Conformational plasticity of the influenza A M2 transmembrane helix in lipid bilayers under varying pH, drug binding, and membrane thickness
Membrane proteins change their conformations to respond to environmental cues, thus conformational plasticity is important for function. The influenza A M2 protein forms an acid-activated proton channel important for the virus lifecycle. Here we have used solid-state NMR spectroscopy to examine the conformational plasticity of membrane-bound transmembrane domain of M2 (M2TM). 13C and 15N chemical shifts indicate coupled conformational changes of several pore-facing residues due to changes in bilayer thickness, drug binding, and pH. The structural changes are attributed to the formation of a well-defined helical kink at G34 in the drug-bound state and in thick lipid bilayers, nonideal backbone conformation of the secondary-gate residue V27 in the presence of drug, and nonideal conformation of the proton-sensing residue H37 at high pH. The chemical shifts constrained the (ϕ, ψ) torsion angles for three “basis” states, the equilibrium among which explains the multiple resonances per site in the NMR spectra under different combinations of bilayer thickness, drug binding, and pH conditions.
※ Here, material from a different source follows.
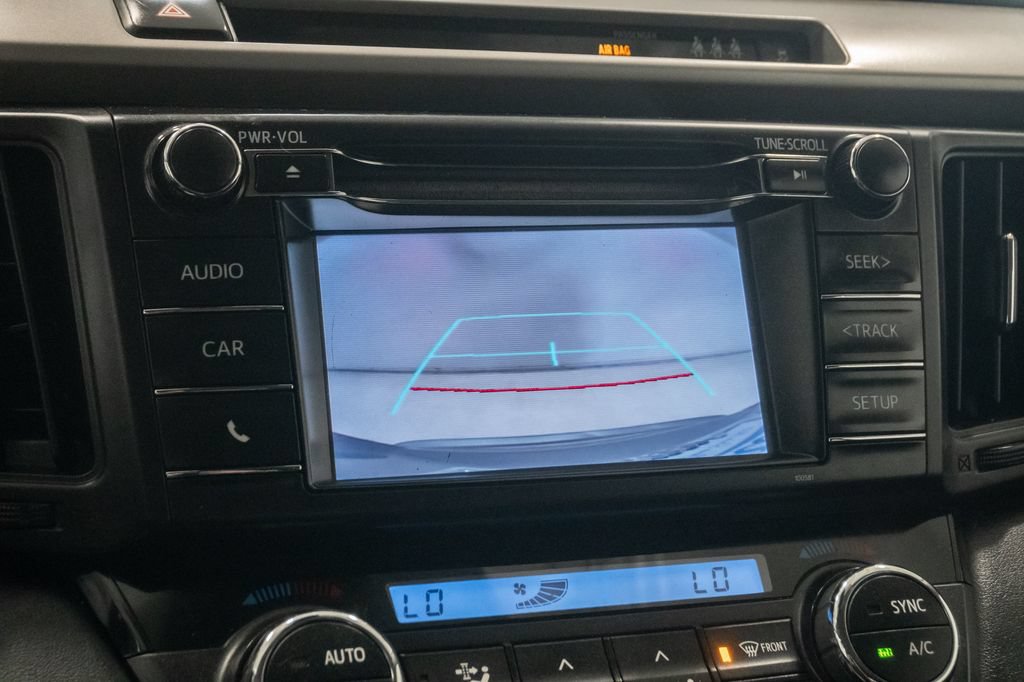 Used 2018 Toyota RAV4 XLE AWD/4WD image 17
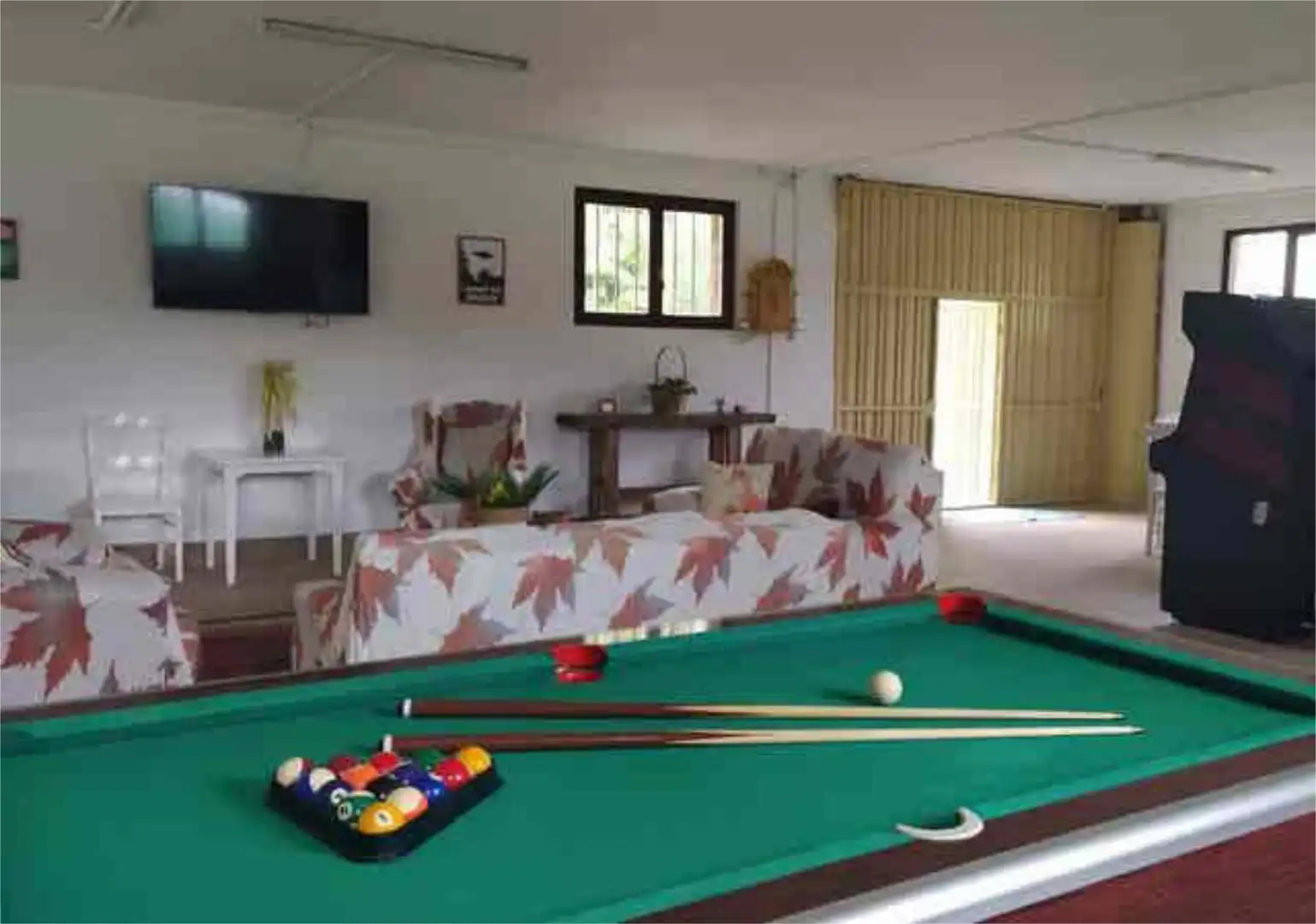 Local de alquiler en Villaescusa (Cantabria) Sala de estar de Local de alquiler en Villaescusa (Cantabria)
Thus, conformational plasticity is important for the proton conduction and inhibition of M2TM. The study illustrates the utility of NMR chemical shifts for probing the structural plasticity and folding of membrane proteins.
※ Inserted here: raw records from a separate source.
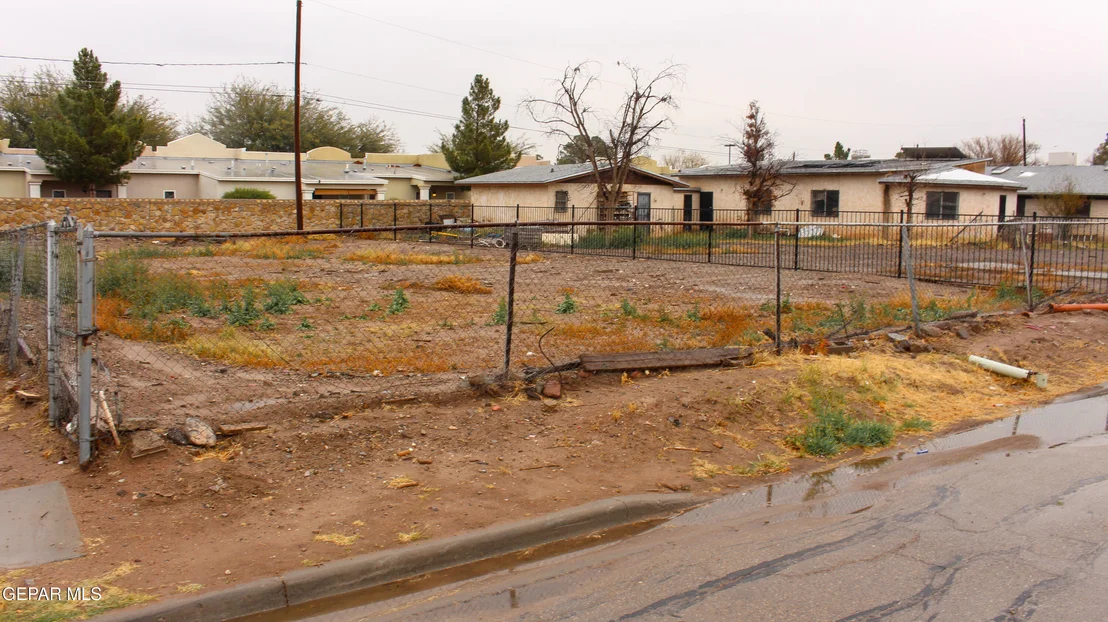 Photo of 8531 VICTOR Lane
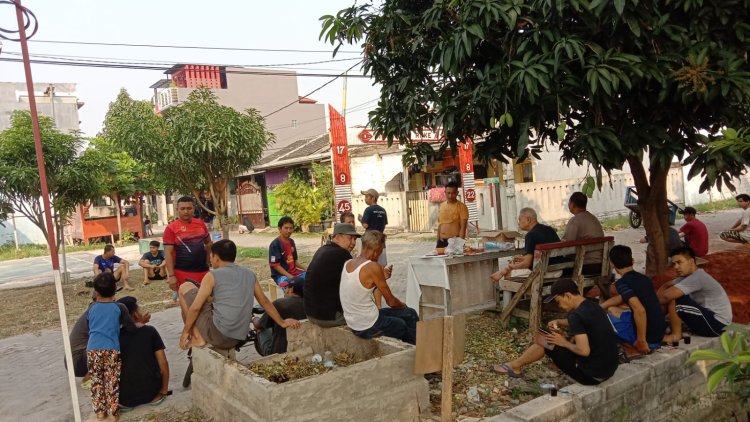 Belasan Warga Perumahan Puri Tamarin di RT 03 Bergotong Royong Bersihkan Fasum dan Taman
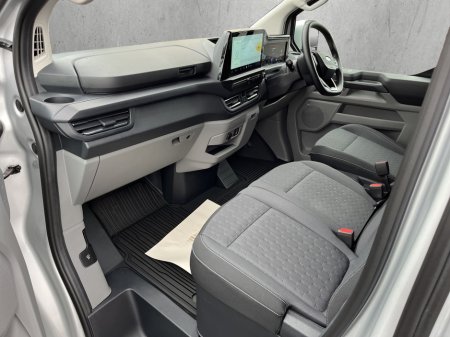2026 Ford Transit Custom - photo 18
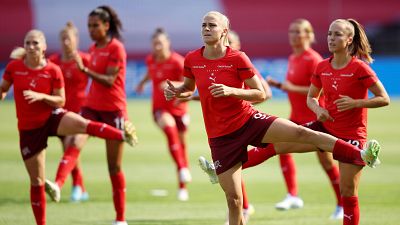 El resfriado de varias jugadoras de Suiza cancela el entrenamiento a tres d�as de medirse a Espa�a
This is a manuscript of an article published as Hu, Fanghao, Wenbin Luo, Sarah D. Cady, and Mei Hong. "Conformational plasticity of the influenza A M2 transmembrane helix in lipid bilayers under varying pH, drug binding, and membrane thickness." Biochimica et Biophysica Acta (BBA)-Biomembranes 1808, no. 1 (2011): 415-423. DOI: 10.1016/j.bbamem.2010.09.014. Posted with permission.